ナイルパーチの女子会
2019.6.9読了
『ナイルパーチの女子会』柚木麻子
読み進めていくうちに何度も頭を過ぎったのは
「本当に『ナイルパーチの女子会』と『あまからカルテット』は同じ作者(柚木麻子)の作品なのか」ということだった。
それくらいにこの2作品は女友達というものに対するスタンスが異なる。
『あまからカルテット』は学生時代からの仲良し4人組の友情が描かれている。
誰かが問題に直面したら、他の3人が全力でサポートし、解決する。
それぞれが自立しているからこその強固な友情は、ちょっとやそっとのことでは崩れないだろう。

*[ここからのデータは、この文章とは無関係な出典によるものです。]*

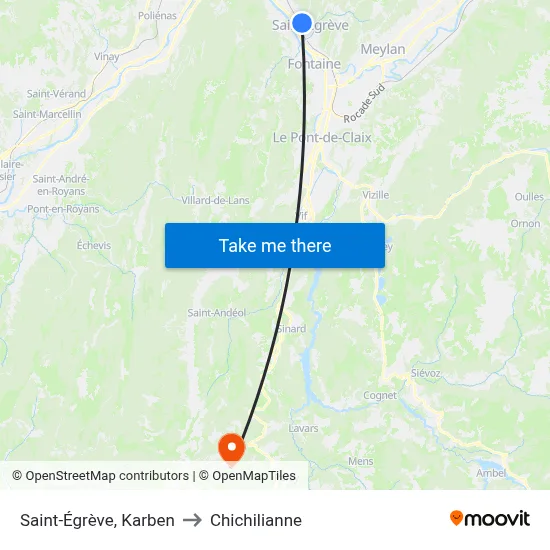 Saint-Égrève, Karben to Chichilianne map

読了後には、自分も友人に会いたくて仕方がなくなる。そんな作品だった。
けれど、『ナイルパーチの女子会』では、ダブルヒロインの栄利子と翔子に女友達は1人もいないところから物語は始まる。
女友達というものを、栄利子も翔子も羨望し、2人とも心のどこかで女友達が居なければならないという強迫観念に支配されているように感じられた。
特に栄利子はわかりやすくその強迫観念に支配されており、だからこそ翔子に執着したのだろう。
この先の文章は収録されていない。